Processing: south-africa | northern-cape ...

...

Processing: western-cape | wellington ...
Processing: western-cape | wilderness ...
Processing: western-cape | witsand ...
Processing: western-cape | wolseley ...
Processing: western-cape | worcester ...
Processing: western-cape | yzerfontein ...

Processed: 702
Skipped: 0
Errors: 0

Note that the total fetched count can vary - counts of 625 and 702 have been observed.

Process HTML

Go through all HTML files in the unprocessed_html directory, extract the property value and count for each and then write out all results to a single CSV file in the var directory, overwriting any existing file. If new HTML files have been added to the unprocessed_html directory, then this command should be run to create an updated CSV with more data.

$ ./process_html.py
Extracting data from 1550 HTML files
  10 done
  20 done
  30 done
  40 done
  50 done
  ...
  1540 done
  1550 done
Successfully processed: 1,392.
Failed to process: 158.
   1. suburb|eastern-cape|addo|442|2018-05-28.html (1,283 rows)
   2. suburb|eastern-cape|addo|442|2018-06-18.html (1,283 rows)
   3. suburb|eastern-cape|balfour|256|2018-05-28.html (1,339 rows)
   4. suburb|eastern-cape|balfour|256|2018-06-18.html (1,339 rows)
   5. suburb|eastern-cape|bizana|2481|2018-05-28.html (2,566 rows)
 ...
 157. suburb|western-cape|citrusdal|422|2018-05-26.html (1,320 rows)
 158. suburb|western-cape|citrusdal|422|2018-05-28.html (1,303 rows)
Writing to: /home/michael/repos/water_crisis_scraper/waterCrisis/properties/var/processed_data.csv

Optionally specify an alternate directory to read HTML data from.
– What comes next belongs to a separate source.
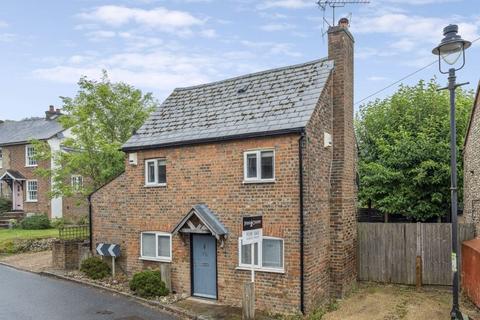 2 bedroom detached house for sale, Dunstable Road, Studham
$ ./process_html.py --read ~/path/to/html_dir

Future development

TODO: It is inefficient for storage and processing to keep all the HTML files in that directory. If this becomes an issue, look at moving HTML files once they have been processed and then compress them. Or delete them. However, then data needs to be append to the CSV. This could be handled in pandas and written out as a pickled dataframe.